#### Provided records ####
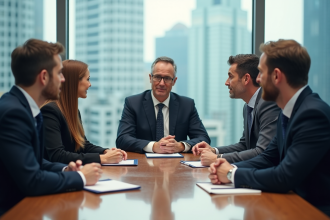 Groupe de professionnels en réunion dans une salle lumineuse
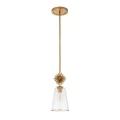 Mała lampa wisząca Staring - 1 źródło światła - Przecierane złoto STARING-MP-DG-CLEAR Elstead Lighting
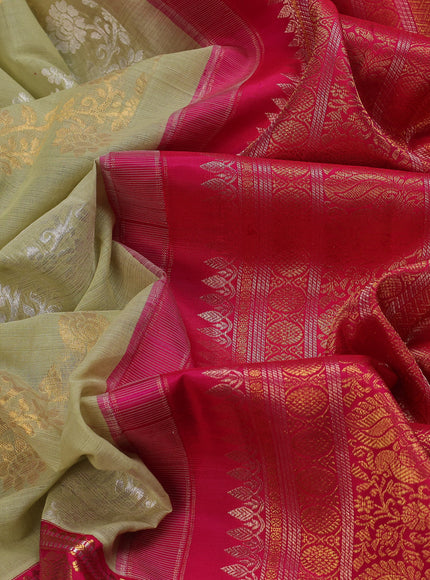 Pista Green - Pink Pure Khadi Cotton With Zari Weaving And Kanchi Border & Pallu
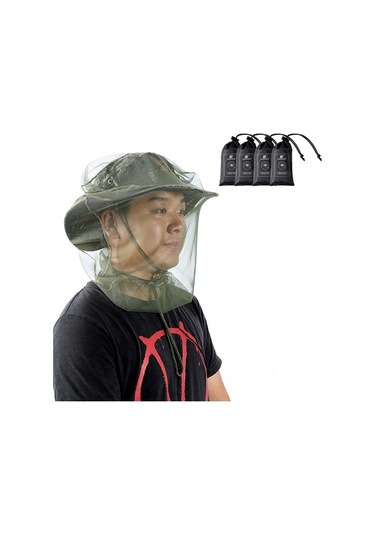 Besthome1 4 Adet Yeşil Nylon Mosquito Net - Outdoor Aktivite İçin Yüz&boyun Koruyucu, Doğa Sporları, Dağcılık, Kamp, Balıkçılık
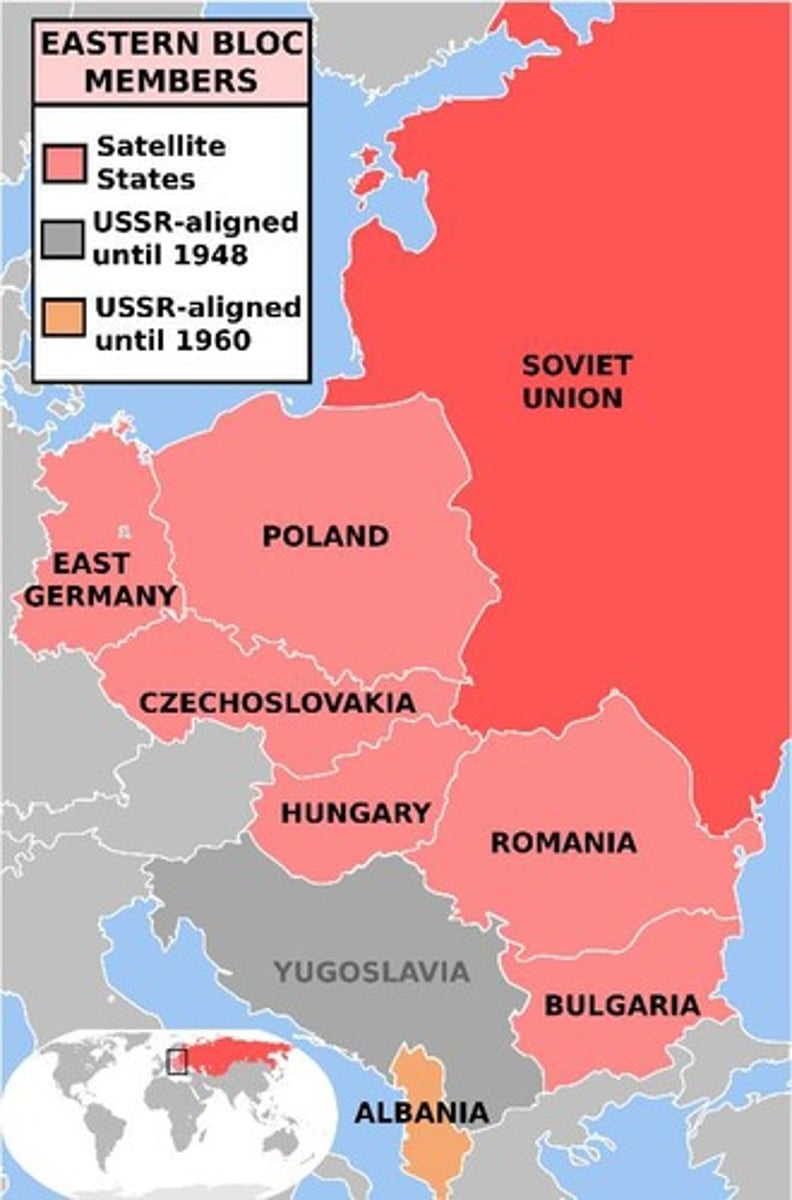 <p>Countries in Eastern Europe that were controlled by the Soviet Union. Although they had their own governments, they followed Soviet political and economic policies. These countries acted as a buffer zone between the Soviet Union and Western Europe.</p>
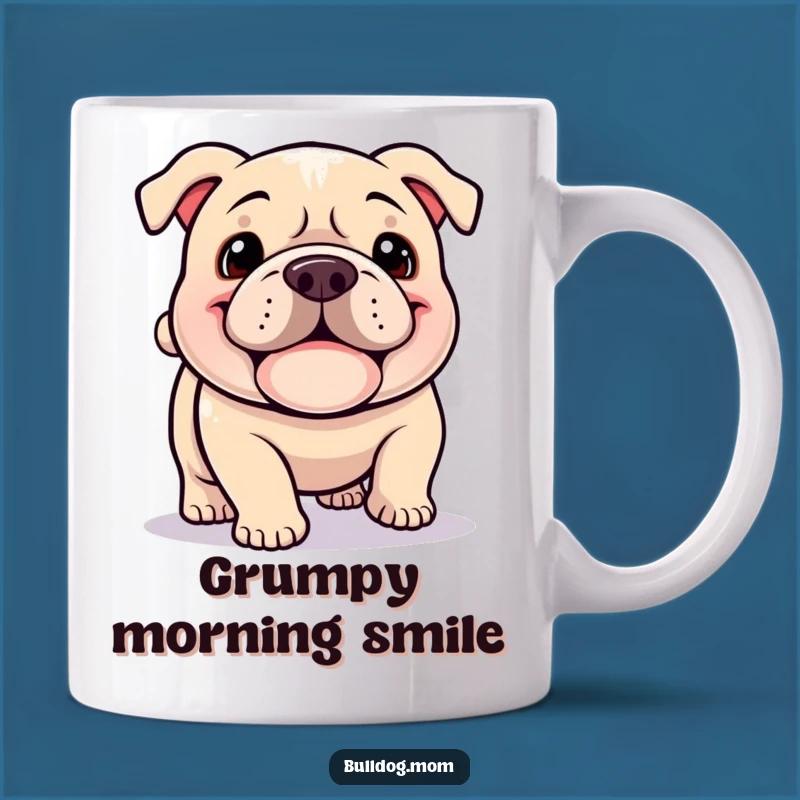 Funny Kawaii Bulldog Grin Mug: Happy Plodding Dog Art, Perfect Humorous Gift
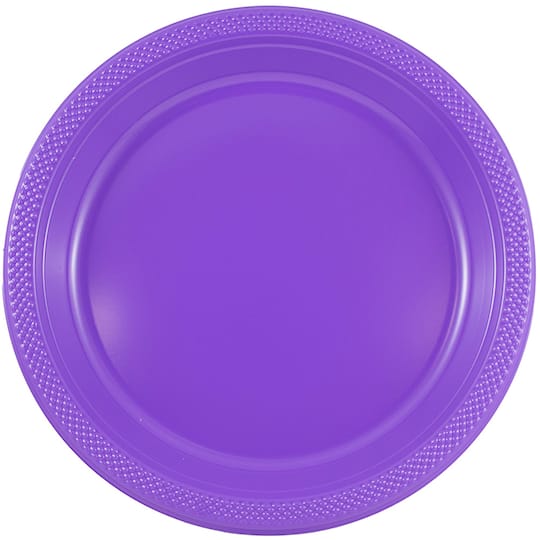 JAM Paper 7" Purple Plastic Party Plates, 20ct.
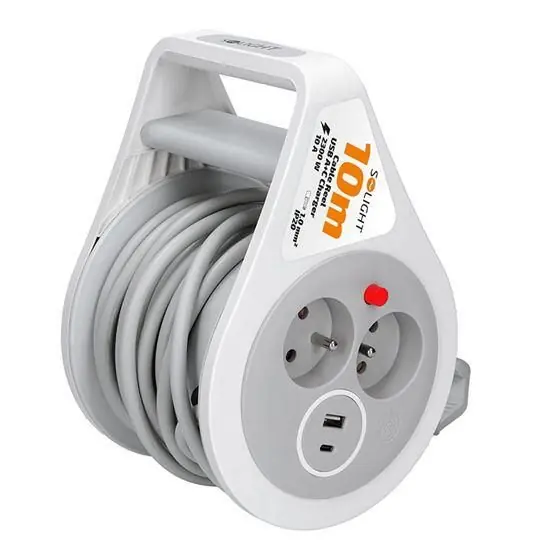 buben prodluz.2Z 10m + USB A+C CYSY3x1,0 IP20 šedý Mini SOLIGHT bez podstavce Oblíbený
####
Exact reproduction of the entries above is required, with pictures excluded.

 Groupe de professionnels en réunion dans une salle lumineuse
 Mała lampa wisząca Staring - 1 źródło światła - Przecierane złoto STARING-MP-DG-CLEAR Elstead Lighting
 Pista Green - Pink Pure Khadi Cotton With Zari Weaving And Kanchi Border & Pallu
 Besthome1 4 Adet Yeşil Nylon Mosquito Net - Outdoor Aktivite İçin Yüz&boyun Koruyucu, Doğa Sporları, Dağcılık, Kamp, Balıkçılık
 <p>Countries in Eastern Europe that were controlled by the Soviet Union. Although they had their own governments, they followed Soviet political and economic policies. These countries acted as a buffer zone between the Soviet Union and Western Europe.</p>
 Funny Kawaii Bulldog Grin Mug: Happy Plodding Dog Art, Perfect Humorous Gift
 JAM Paper 7" Purple Plastic Party Plates, 20ct.
 buben prodluz.2Z 10m + USB A+C CYSY3x1,0 IP20 šedý Mini SOLIGHT bez podstavce Oblíbený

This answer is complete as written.